In the airport shuttle taking us to our hotel in Mumbai, I looked out the window and thought, “We’re not in South Dakota anymore.” It was midnight and the streets of India’s largest city seemed as full of people, vendors, and traffic as Time Square at noon.
I had no real comparison, though, for the garbage strewn about, the beggars going from car to car when traffic stopped, the people sleeping on the sidewalks, the ramshackle condition of most buildings, and the roaming packs of stray dogs. The third poorest county in the US is just 60 miles from my home. It’s no match whatsoever for the real ghettos of Mumbai, where 55% of their population of 16 million live.
Given these great dissimilarities in economic status as well as political, religious, and cultural views, I expected to find striking differences between the Indian and U.S. financial advisor communities and their clients. Here is where I was surprised.
I traveled to Mumbai as a consultant to meet with a group of Indian financial advisors. After spending several days observing and listening to their struggles, I concluded 95% of the obstacles they face in promulgating client-centered, fiduciary planning are the same as planners see here in the US.
The most frequent complaint I heard was that consumers just won’t pay fees. They would rather pay a high commission they don’t see rather than a low fee they painfully do see. I find the same behavior in US consumers. It seems irrational, but it makes perfect sense when we understand the delusional money script of avoidance that says “If I don’t see the fee, then I must not pay a fee.”
Just as in the US, Indian advisors struggle to help consumers understand the math behind hidden commissions and visible fees. While most advisors can quickly calculate the amounts, consumers still find it hard to accept the numbers.
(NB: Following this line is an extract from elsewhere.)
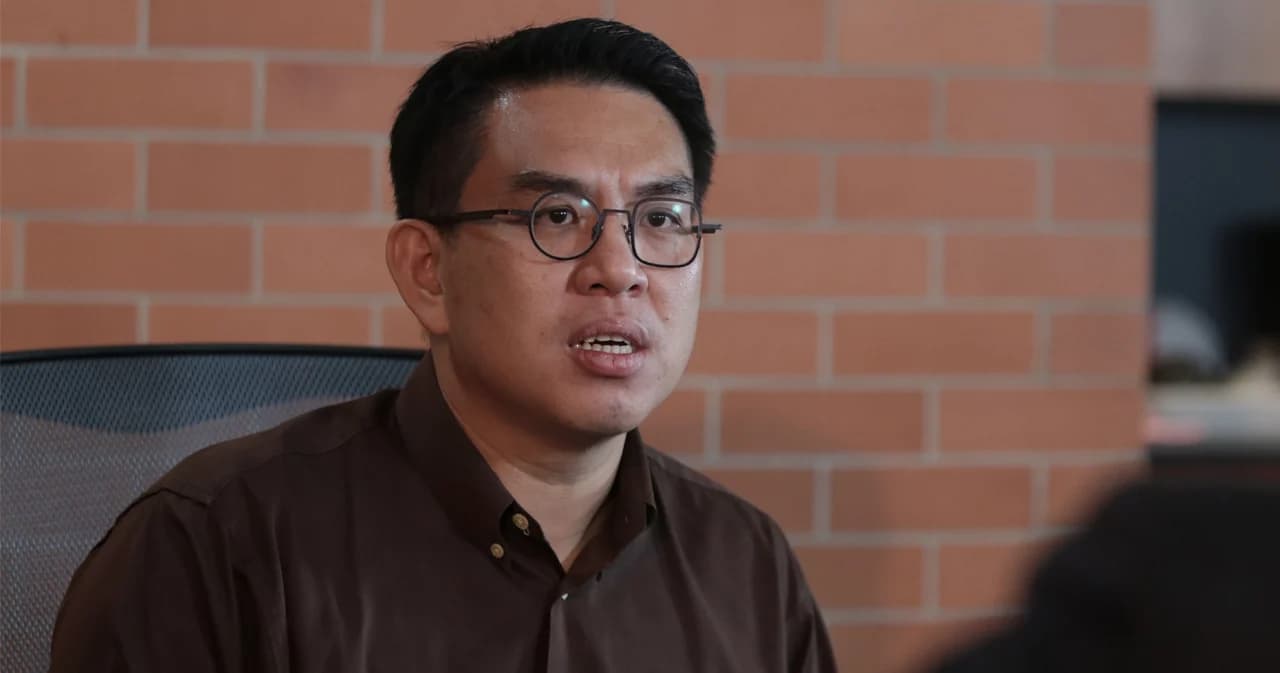 ‘วิโรจน์’ ชี้ ถ้า ‘เศรษฐา’ ต้องพ้นจากนายกฯ ต้องด้วยกลไก ‘รัฐสภา’ ที่ยึดโยงประชาชน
There is great resistance to writing a check, even when a planning fee is half as much as an unseen fee or commission.. In my experience, most consumers have great difficulty emotionally understanding that writing a check for $10,000 for advisory fees on $1 million represents a $15,000 savings on a 2.5% wrap fee they don’t see and for which no check is written.
Another similarity is that those most willing to pay fees for service are the wealthier clients. I find this, too. At first blush one might surmise that of course the wealthy are more open to paying fees because they have more money. That isn’t the case. The fees paid are roughly proportionate. In fact, usually smaller accounts that go fee-only save proportionally more than do larger ones. The difference is that affluent or wealthy clients tend to be business owners or professionals who are familiar with employing fee-for-service consultants, like accountants and attorneys.
The transition to introducing fees is slow, requiring a lot of education on the part of the advisor and willingness to listen by the consumer. Similar to where the US was in the 80’s, India has only a handful of pioneering fee-only planners. Most advisors wanting to switch from pushing financial products to doing comprehensive financial planning have rolled out a fee-based model first. They hope consumers will eventually embrace the advantages—lower costs and lesser conflicts of interest—inherent in a fee-only compensation model.
I did find one significant difference from the US. In India, financial regulators are actively encouraging advisors to change from charging only commissions to charging fees. This support for a fiduciary standard may well help comprehensive financial planning become a strong profession.